Bad day at the office for Moyes' men

Posted by Luke O'Farrell

Steven PienaarGettyImagesSteven Pienaar is sent off

With the team in form and full of confidence, the away team travelled to Loftus Road in expectant mood. Sadly, a disjointed setup and performance lay in wait for Everton fans. Quite why the absence of Marouane Fellaini resulted in three positional changes remains a mystery with the decision to move Steven Pienaar centrally the most baffling of all.

After slow starts against Southampton and Wigan, Everton suffered a repeat here with QPR ahead after two minutes. In previous weeks, as a defender playing out of position, Phil Neville has shown why he struggles in midfield. Catching Neville in possession, the home side broke with Junior Hoillet's shot deflecting off Leighton Baines to hand QPR the lead. Although fortuitous, the goal originated from Neville's initial error.

To his credit, Pienaar remained Everton's best player in the opening period despite his move infield. However, the same cannot be said of Everton's other attacking players. Starved of service throughout, Nikica Jelavic and Kevin Mirallas struggled whilst Victor Anichebe's urge to push forward left Seamus Coleman exposed.

A Tim Howard spill almost gifted QPR a second as Everton failed to find any rhythm or cohesion in their play. Missing his telepathic linkup with Pienaar, Baines had little impact with the left-back unable to find or exploit any space down the QPR right. On the other side, Anichebe looked lost in his right wing position and evetually departed injured.

Against the run of play, Everton found themselves level thanks to Sylvain Distin. Following nonexistent QPR defending, Distin rose unmarked to bring Everton on terms via the post and Julio Cesar. Given QPR's fortune for their opener, few could begrudge Everton's slice of luck for the equaliser. Shortly afterwards, Phil Jagielka headed against the bar as Everton stirred into action.

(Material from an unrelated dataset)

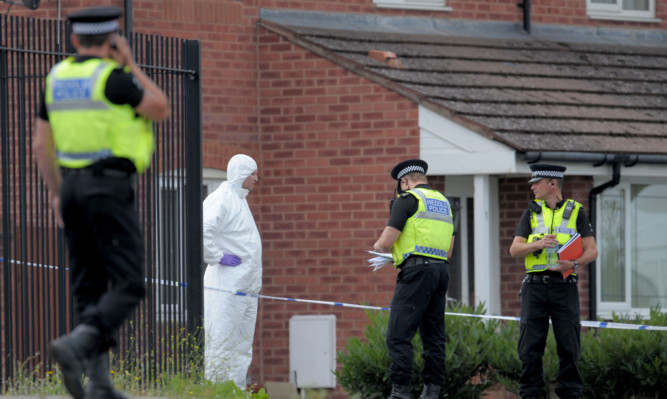 Police and forensic officers near the scene of a shooting in Newport.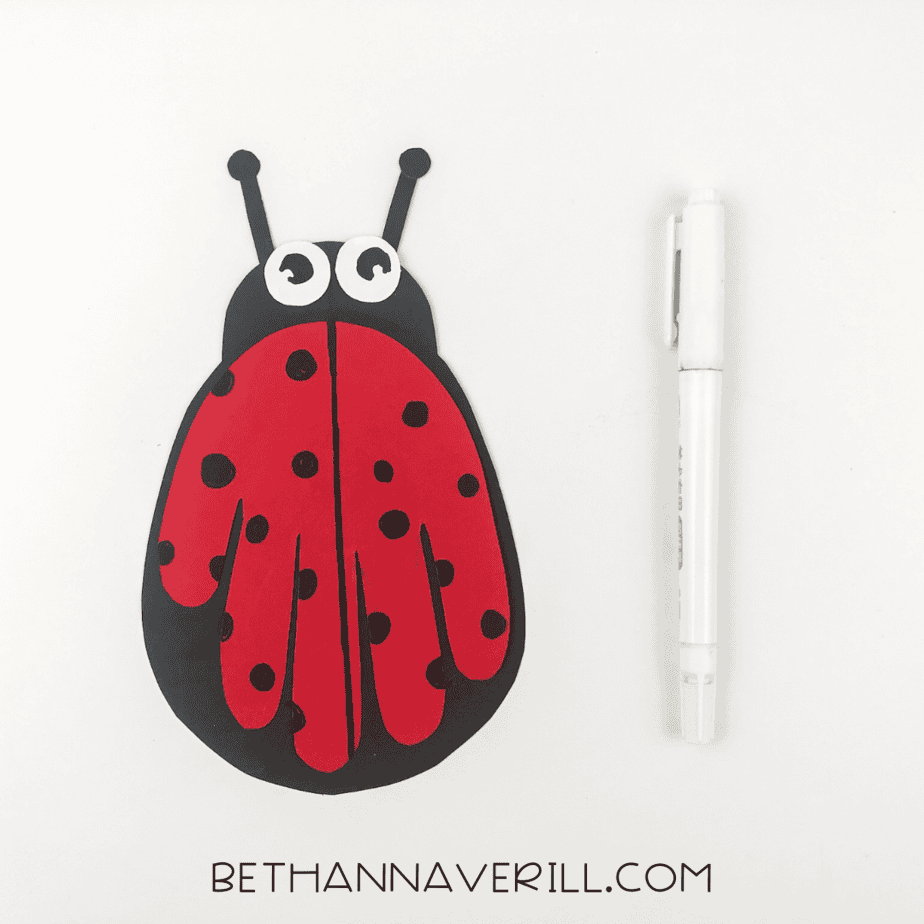 Black spots and line added to red handprint wings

The Everton equaliser highlighted QPR's aerial deficiency with Mark Hughes' side conceding the most headed goals (5) and Everton scoring the league's highest number of headed goals (7). Reaching half-time all square, Everton began the second period with renewed purpose with Steven Naismith impressing after replacing Anichebe. In spite of the promising start, only a tremendous Jagielka prevented Park putting QPR back in front.

At the other end, Jagielka forced a save from Cesar as Everton almost converted a goalmouth scramble. Although missing two presentable chances warrants criticism, the defensive heroics from Jagielka more than earn him a reprieve. Everton owe thanks to another defensive player with Tim Howard's saves keeping them in the contest.

A bad day at the office became disastrous during the second half with Steven Pienaar sent off for a second yellow card. As Jose Bosingwa burst forward, he fell with Pienaar in close attendance and the South African received his marching orders. However, replays showed that Bosingwa kicked Pienaar with Everton on the wrong end of another poor refereeing decision.

Overall, a draw is welcome after the sending off and Everton's lacklustre performance but the team's recent form is a worry. Conceding first in the last three matches, the Toffees are paying the price for slow starts with draws from two very winnable games.

Remaining lightweight in midfield, the expected return of Marouane Fellaini and Darron Gibson is necessary for next week's Merseyside derby. Exposed on numerous occasions, Leon Osman and Phil Neville are valuable members of the squad but they are not good enough for central midfield. David Moyes will also need to cope with the absence of Steven Pienaar as his ban cannot be appealed.

After an indifferent run of games, the derby is coming at the right time as Everton tend to raise their game when up against it. Displaying a rather blase attitude of late, David Moyes' men cannot afford to do the same when Liverpool visit in seven days. Sitting fourth after eight games, there is no disputing Everton's good start. However, the overriding sense of disappointment is that the good start could and should be a great one.